WASHINGTON — Amid mounting criticism of his record-pace executive order blitz — including from liberal media outlets like the New York Times — President Biden refused to take questions from reporters on Thursday as he signed two more actions into effect.
The president’s latest orders will open a special enrollment period for the Affordable Care Act and ends the “Mexico City Policy” which bans US federal funding for non-governmental organizations that provide abortion counseling.
“Today I’m about to sign two executive orders to, basically, the best way to describe them, undo the damage Trump has done,” Biden told pool reporters.
In a bid to undue initiatives of the previous Trump administration, Biden has signed a record 37 executive actions in his first week in office.
But the aggressive actions have seen the president catch heat from some of his biggest allies, including The Times, which on Thursday urged Biden to “ease up” and instead legislate via the narrowly-divided Congress.
Executive actions can be easily reversed by the following commander in chief.
“[T] his is no way to make law. A polarized, narrowly divided Congress may offer Mr. Biden little choice but to employ executive actions or see his entire agenda held hostage,” the Times editorial board wrote in an op-ed published Thursday.
“These directives, however, are a flawed substitute for legislation.”
Senate Republican Leader Mitch McConnell last week said Biden’s EO blitz was the “wrong direction” while even Biden himself appeared to be against presidential overuse of executive actions.
“We are a democracy,” Biden said during a town hall with ABC’s George Stephanopoulos on the campaign trail in October.

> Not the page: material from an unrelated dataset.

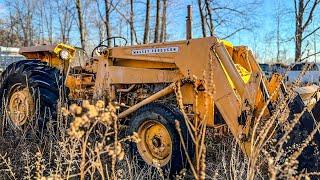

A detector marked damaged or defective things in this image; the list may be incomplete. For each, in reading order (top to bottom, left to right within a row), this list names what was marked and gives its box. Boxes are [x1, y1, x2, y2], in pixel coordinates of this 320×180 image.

rusty metal part [7, 88, 34, 126]
rusty metal part [119, 82, 176, 119]
rusty metal part [138, 120, 172, 167] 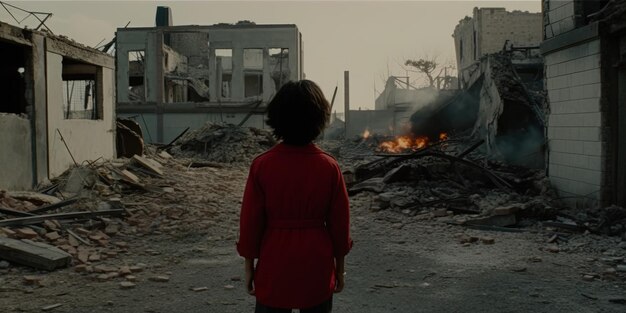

“Some of my Republican friends and some of my Democratic friends even occasionally say, ‘Well, if you can’t get the votes, by executive order, you’re going to do something,’” he went on.
“Things you can’t do by executive order unless you’re a dictator. We’re a democracy. We need consensus,” he said.
Last week, Kay James, the president of the conservative Heritage Foundation, said she was disappointed by the “unprecedented scope” of Biden’s orders.
“Executive actions short circuit the democratic process by cutting out Congress and leaving no room for debate or dissent,” James said in a statement.
As he signed two more orders in the space of two minutes on Thursday, Biden refused to take shouted questions from reporters as they were hustled out of the Oval Office.
“We’ve got a lot to do and the first thing I’ve got to do is get this COVID package passed,” he said of his enormous $1.9 trillion rescue package which Republicans have already bristled at.